A new study from the University of Warwick has found women are turned off products placed next to ‘blatant’ images of attractive female models, but they are likely to buy the product if the images are used subtly instead.
Previous studies on how using attractive models affects women’s perception of a product have been contradictory, with some finding the effect to be positive, while others have found it to be negative. Researchers led by Dr Tamara Ansons, Assistant Professor at Warwick Business School wanted to find out why this was the case, so they conducted an experiment.
Women were shown magazine pages that contained different advertisements, one of which was for a vodka. Some women received adverts that did not feature an attractive model. Other women received adverts that had a bikini-clad model on the opposite page to a picture of the vodka – meaning they were ‘subtly’ exposed to the idealised female image. A third group of women were shown adverts with an attractive model on a whole page next to the vodka – meaning they were ‘blatantly’ exposed to the idealised female image.
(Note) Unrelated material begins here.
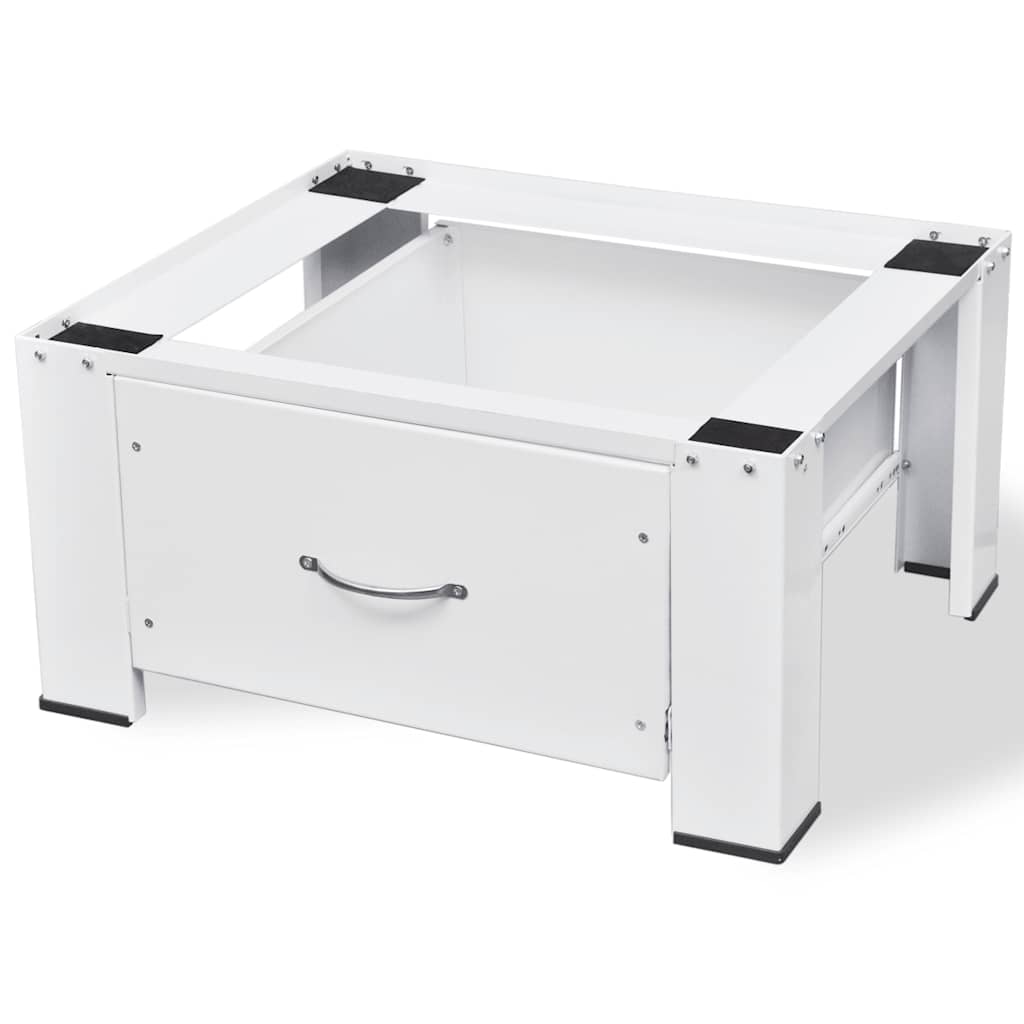 275393 vidaXL Pedestal for Washing Machine White with Drawer (50448)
“We found that the way the picture of the perfectly shaped model was used was very important in determining a positive or negative effect on women’s self-perception,” said Dr Ansons.
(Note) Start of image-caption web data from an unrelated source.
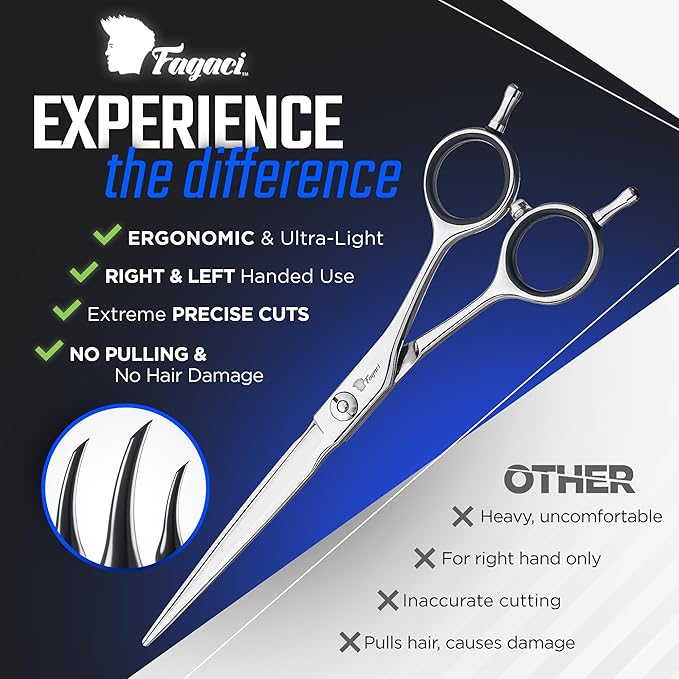 Fagaci Professional Hair Thinning Scissors, 6" 440C Steel, Extreme Sharpness, Texturizing Shears, Barber Scissors Set, Slim Blades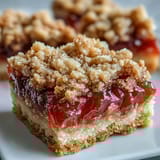 Freshly baked Guava Jam Bars sliced to reveal the vibrant pink guava filling inside.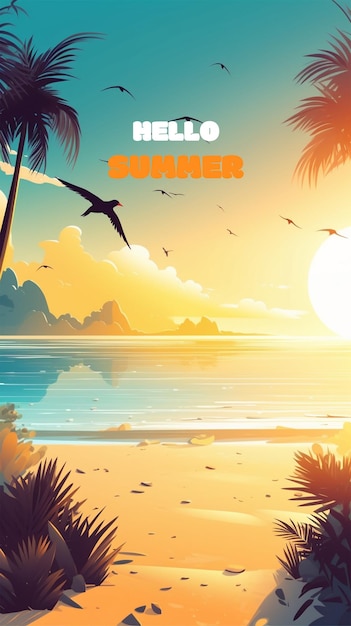 PSD summer beach with a background of coconut trees and seabirds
Researchers found that when consumers are blatantly exposed to idealised images of thin and beautiful women they are more likely to belittle the model or celebrity to restore a positive perception of themselves.
“This can negatively affect the products these models endorse through the transfer of the negative evaluation of the model to the endorsed product,” she said.
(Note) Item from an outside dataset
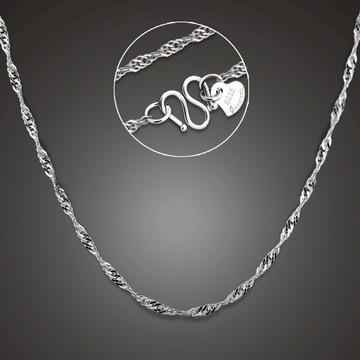 S925純銀項鏈女銀鏈子吊墜配鏈銀鎖骨水波鏈細裸素鏈替換鏈防過敏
“However when subtly exposed to these perfectly shaped models consumers do not engage in defensive coping by disparaging the model. A sub-conscious automatic process of upward social comparison takes place leading to a negative self-perception. But that led to a more positive attitude towards the brand.”
The study in a paper entitled ‘Defensive reactions to slim female images in advertising: The moderating role of mode of exposure’ published in Organizational Behavior and Human Decision Processes could have far reaching implications for the marketing industry and how they use models and celebrities to sell their products.